Tetep aja, usaha apapun yang diambil perusahaan menuju keberlanjutan kemungkinan bakal dicurigai sama aktivis. Mereka masih ngeliat pemimpin perusahaan sebagai orang yang terobsesi profit dan pake kekuatan mereka buat ngedapetin pengaruh dan keuntungan. Dan emang, sebagian besar bener sih.

Ada juga yang bilang perubahan beneran kudu dateng dari pemerintah lewat kebijakan yang ngatur dan ngasih sanksi ke pelaku yang jahat serta ngelakuin praktik bisnis yang lebih baik.

Gimanapun juga, kemajuan nggak bakal bisa dicapai tanpa keterlibatan perusahaan karena peran mereka yang gede di ekonomi. Dana yang gede banget kudu dialirin dari model bisnis lama ke inovasi baru yang diinvestasikan buat masa depan energi, logistik, dan tenaga kerja.

Etika Adalah Inovasi

Ini adalah cara revolusioner buat ngejalanin bisnis modern. Pemimpin ESG yang pemberani lagi ngebikin nilai bisnis baru. Mereka adalah contoh nyata para pengganggu (disruptor). Penting buat ngelakuin kebijakan perusahaan yang melindungi para pemangku kepentingan dari produk dan layanan organisasi, entah itu ngasih kesempatan yang sama ke anggota tim atau ngewujudin tujuan sosial lokal. Kemajuan kecil dari waktu ke waktu bakal ngasih hasil jangka panjang yang bisa dinikmatin perusahaan yang berorientasi pada tujuan. Kemajuan kecil ini bakal ngumpul jadi perubahan besar yang bakal nunjukin kalo bisnis bisa jadi pemimpin terpercaya dalam ngatasi masalah yang penting.

Mulai dari Diri Sendiri

Bawa perusahaan ke dalam percakapan global kudu dimulai dari para pemimpinnya. Jadiin prioritas buat ngobrol rutin sama pemimpin dari industri yang berbeda dan liat gimana mereka ngebawa organisasi mereka ke arah yang lebih bermakna. Investasikan diri buat belajar dengan materi yang tepat, kayak podcast IdeaCast dan Coaching Real Leaders. Pelajarin gaya kepemimpinan yang berbeda, inklusi di tempat kerja, dan diskusi kebijakan dari para pemimpin bisnis. Podcast The Nice Guys on Business bisa jadi pilihan yang lebih santai buat para pemimpin perusahaan yang mau punya misi yang bermakna.

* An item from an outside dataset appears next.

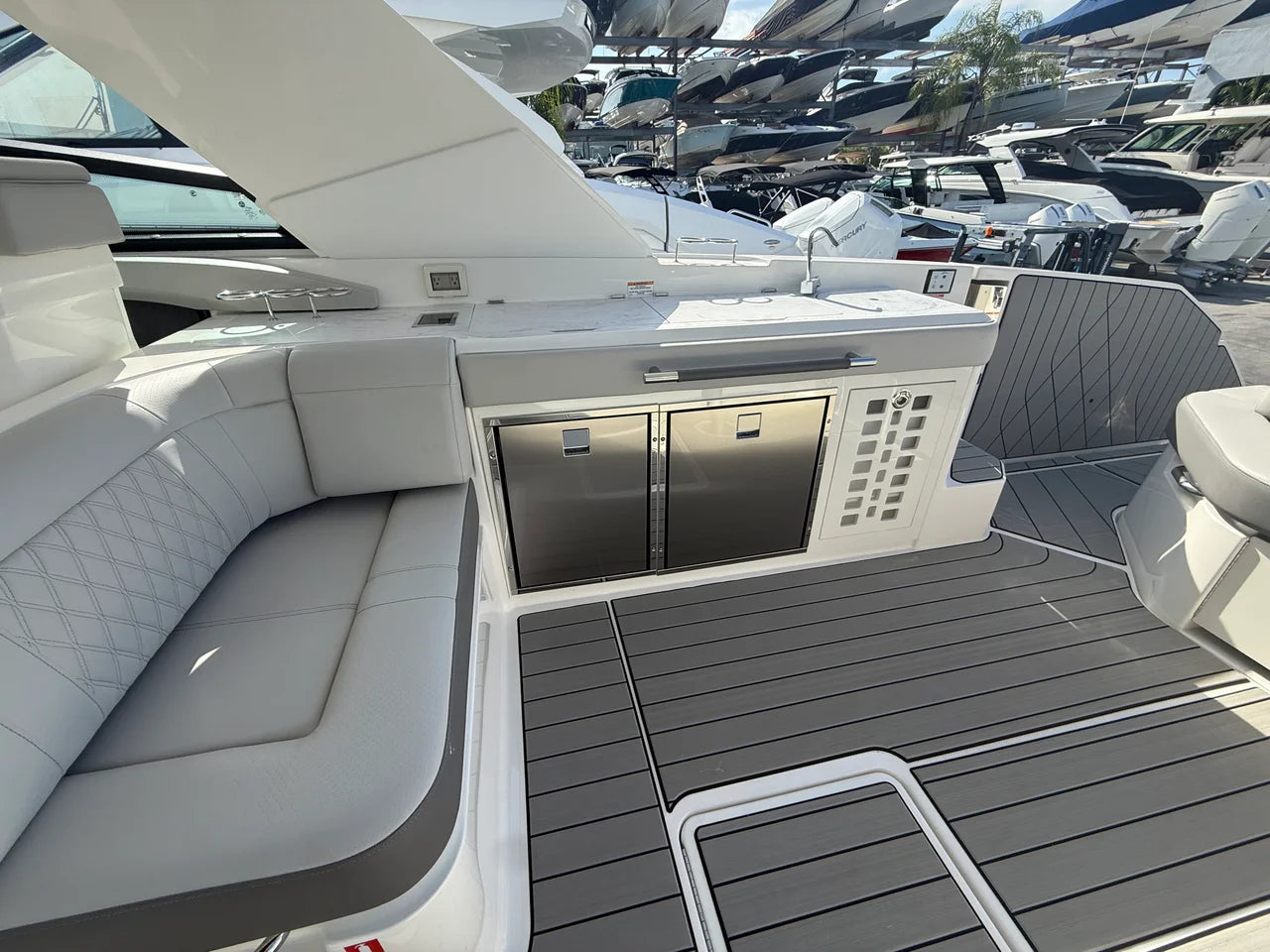 2026 Sea Ray SLX 400 Outboard 40.0 feet, Clearwater, Florida #26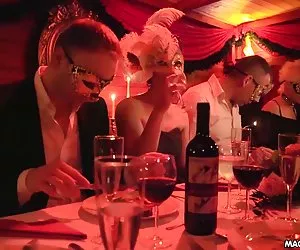 Em Mát mẻ, video bé trong rừng. Khiêu dâm mẹ cheese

Kesempatan buat perusahaan ngebikin nilai baru itu luas, nguntungin, dan masih belum dijelajahin. Masih banyak ruang buat ngebikin perubahan. Gangguan global nggak bakal berhenti cuma gara-gara pandemi. Konsumen bakal terus nanya, apakah perusahaan berkontribusi dengan keberanian atau malah berkontribusi kehancuran?